Made famous by the movie Slumdog Millionaire and renowned for being one of the largest slums in the world (home to almost 1 million people), the Dharavi Slum was on my list of places to visit long before I booked this trip to India. I was fascinated by the lifestyle, the culture and curious as to whether the movie accurately represented life there for its residents. So on my final day, I visited; I took a 4-hour-long guided walking tour of the slum. Perhaps it’s the fact that I did it on my last day that has allowed my memory of it to remain so vivid but it’s not an experience I could forget in a hurry.
The first thing that really hit me was the sheer size of it. As I stood on the bridge between the main road and the entrance to the slum, I looked over at the thousands of tin roofs, the rubbish heaps that littered the alleyways between them and the throngs of people weaving their way in and out. It is unquestionably a world in itself and a world that sadly, many residents will never know any different to. Thousands of them have never set foot outside of the slum – and never will in their lifetime. Because while some travel outside for work, the slum has its own operating economy, with numerous households employing the residents for industries such as leather, silk and pottery. So often, there is no need.
The second thought that I couldn’t shake was that the lifestyle that I was observing: the smells, the sights, the lack of space, the lack of hygiene – was the everyday reality for the people that live there. No documentary and no Google image can prepare you for standing in the middle of a slum, witnessing poverty with your own eyes. Or actually, for feeling so intrusive on another community. I have to be honest in saying that I never felt particularly welcome during my entire stay in India. The natives appeared to be, by nature, territorial and quite defensive of their property. They didn’t appreciate tourists. And though in the slum itself, I felt perfectly safe (aside from being under strict instruction not to make eye contact with or smile at the men – more on that later) and honoured to be there, learning, I couldn’t help but feel as if I was trespassing. I saw two other groups of tourists during those 4 hours and the smiles exchanged were like a big, reassuring hug. Being the minority at times did feel uncomfortable.
But the tour was fantastic. We covered the commercial areas, the residential areas, were told explicitly where we could and couldn’t take photos and informed every step of the way about the operation of the economy and the routines of the residents. We watched goods being made, spoke to the workers and I even had a beautiful silk scarf made for me, dip-dyed baby blue before my very eyes. And everyone we spoke to or interacted with (for the most part) was friendly and willing to communicate. Though this was only in the trading and business regions, as both eye contact and conversation with the locals in the residential areas was strictly forbidden. We were to walk down the alleyways (some of them barely shoulder-width) with our heads down, resisting the urge to peek inside the single box rooms that lined them – some of them home to families of 6 or more. This, though incredible to see, was notably uncomfortable, especially as we had been told how hostile the residents can be. It was also heartbreaking - it was the epitome of poverty.

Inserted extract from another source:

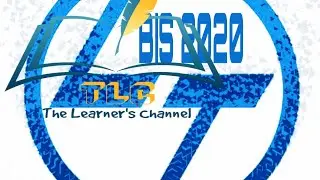 L&T Bis questions and answers 2020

I can’t end this post by saying that the residents looked happy or that they seemed satisfied with their quality of life. In fact, far from it. But they have a safe, fully-functioning community that is fascinating to learn about. As a tourist in India, visiting the Dharavi Slum should definitely be on your to-do list. It’s eye-opening, the tours are incredibly informative and certainly change your perspective slightly too. Poverty is no longer a concept that you hear about on Comic Relief or see an advert about on the tube, it becomes something that you have witnessed with your own eyes, something that you suddenly develop thoughts and feelings about, based on your own experience. You’ll lose yourself in those few hours, forgetting the world that exists outside of the slum and immersing yourself solely in the culture within it. It’s so powerful.
So if you do ever get the opportunity, go. You won’t regret it.